Oh, do we have some good reads for you this month, so come on
down to the Arden Library!
New hours:
Saturday 2:30 – 4
Sunday 2:30 – 4
Wednesday 7:30 – 9
Thursday 3 – 5
Only ONE visitor at a time will be allowed in the Library
All visitors are required to wear a correctly fitted face mask
The Library will have hand sanitizer, all entering the Library are required to use it when entering the building

On Meadowview Street by Henry Cole
The front lawn of Caroline's new home is like all the others in her cookie-cutter subdivision-it's a simple, sterile patch of green that falls far short of the "Meadowview" that her street name promises. But after she saves the yard's single wildflower from her father's lawnmower, Caroline is inspired to turn her lawn into a tiny nature preserve...an idyllic habitat begins to take shape-one that inspires their neighbors.
As a writer, Cole is almost reportorial in tone; he wisely chooses not to limit the depth of his heroine's emotional landscape, which could have turned his book into a sappy "kids-can-do-anything" story.
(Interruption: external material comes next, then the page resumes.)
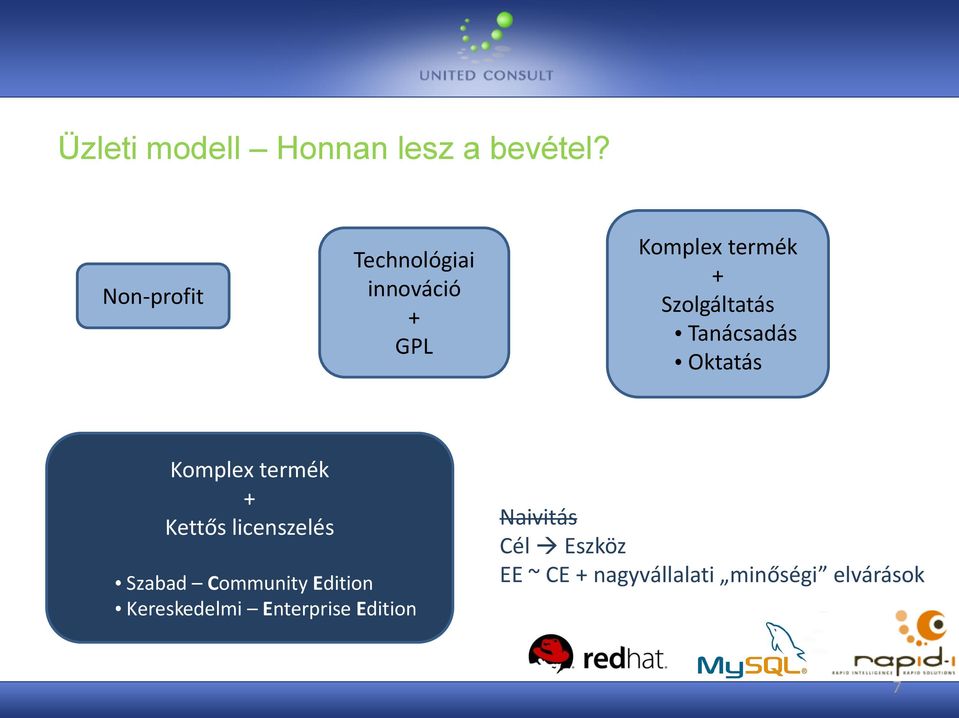 Tanácsadás Oktatás Komplex termék + Kettős licenszelés Szabad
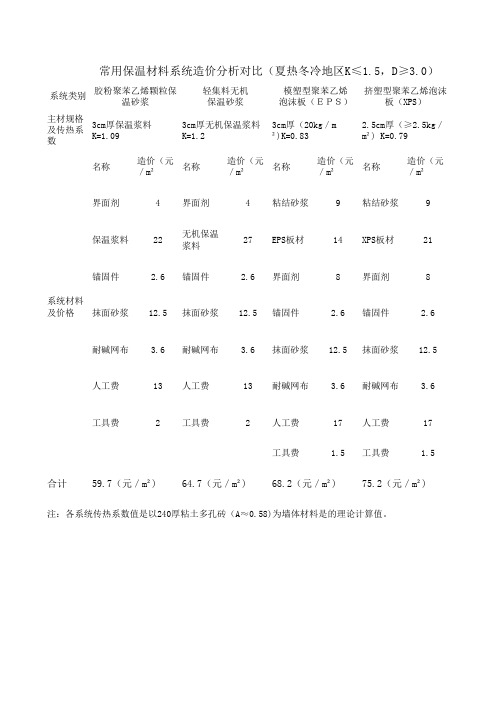 常用保温材料系统造价分析对比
But the growing lushness of the yard-beautifully portrayed in meticulously detailed, velvety acrylics-clues readers into Caroline's burgeoning sense of belonging and accomplishment. It's a lovely parable of suburban life. Ages 4-8 Publishers Weekly (May 28, 2007)
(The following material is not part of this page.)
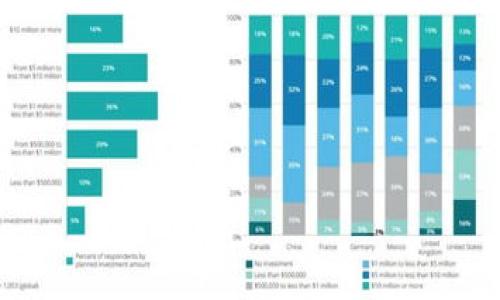 

如何设置苹果钱包的加密密码：详细指南
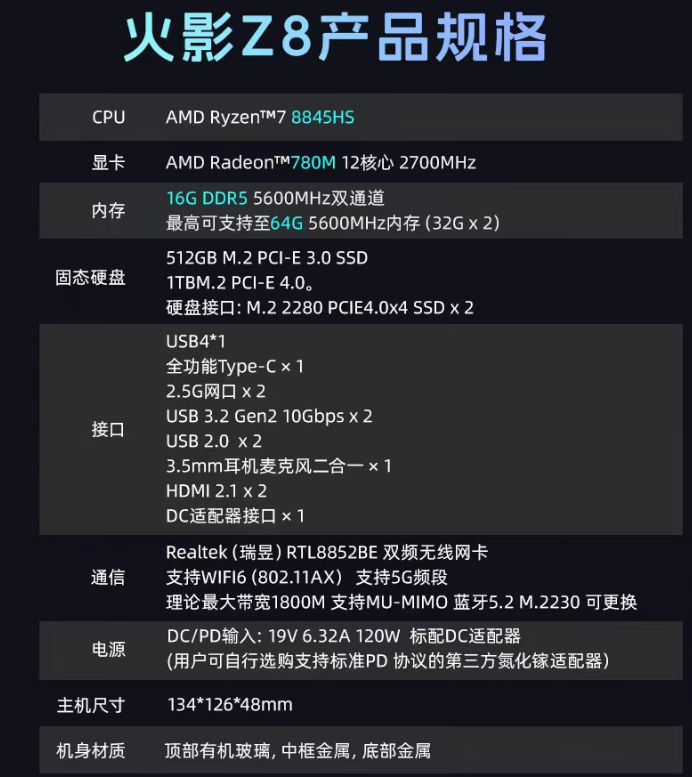 火影 mini 主机炙影 Z8 今日首销：锐龙 7 8845HS+2.5G 双网口，1999 元起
Butterfly Park – by Elly MacKay
A child newly arrived from the country is dismayed to discover that the pocket park next to her urban building is, despite its name, lacking butterflies. What to do? Even the butterflies that she, with help from neighboring children, captures and brings to the sterile-looking park flutter away immediately...except for one, which leads her and a growing group of city residents through the streets to a small patch of flowers. Of course! The next day everyone shows up at the park with "boots and gnomes and wagons"--and in time, as revealed in a climactic double gatefold bedizened with blooms as well as winged and human visitors, the butterflies come.
Centered on the park's elaborate art nouveau gateway, Mac-Kay's lyrical paper collage and diorama constructs feature layered details and out-of-focus backgrounds for a sense of depth. Brightly patterned butterflies, delicate flowers, and human figures pose like gracefully off-balance dancers. As the atmosphere is, overall, ethereal (underscored by occasional close-ups of the girl's elfin features and abstracted gaze), this is more a visually poetic tale about bringing nature to the city than a practical blueprint for creating a crowd-sourced flower garden. Still, like Kevin Henkes' My Garden (2010), it may spur young readers to green dreams of their own…
Kirkus Reviews (March 15, 2015)

The Last Castle: The Epic Story of Love, Loss, and American Royalty in the Nations Largest Home – by Denise Keirnan
From the Gilded Age to the present, Kiernan (The Girls of Atomic City, 2013) traces the history of Biltmore, the estate of George Vanderbilt in what was then the sleepy town of Asheville, North Carolina. At a leisurely pace, Kiernan follows the lives of both Vanderbilt fortune heir George and his future wife, Edith Stuyvesant Dresser, who, after George’s death in 1914 from a pulmonary embolism, dealt with Biltmore through WWI and the Depression. Kiernan lavishes attention not
only on the house, made up of 250 rooms and covering four acres, but also on the forestry school designed to revive the over-logged landscape, the Arts and Crafts movement that grew up in Asheville under Edith’s influence, and the many visitors to the estate, including Edith Wharton and Henry James. The story of the house, which now survives on the money of tourists, may not be suspenseful, but the many diverting detours Kiernan takes make the book enticing for even those who will never set foot on Biltmore grounds.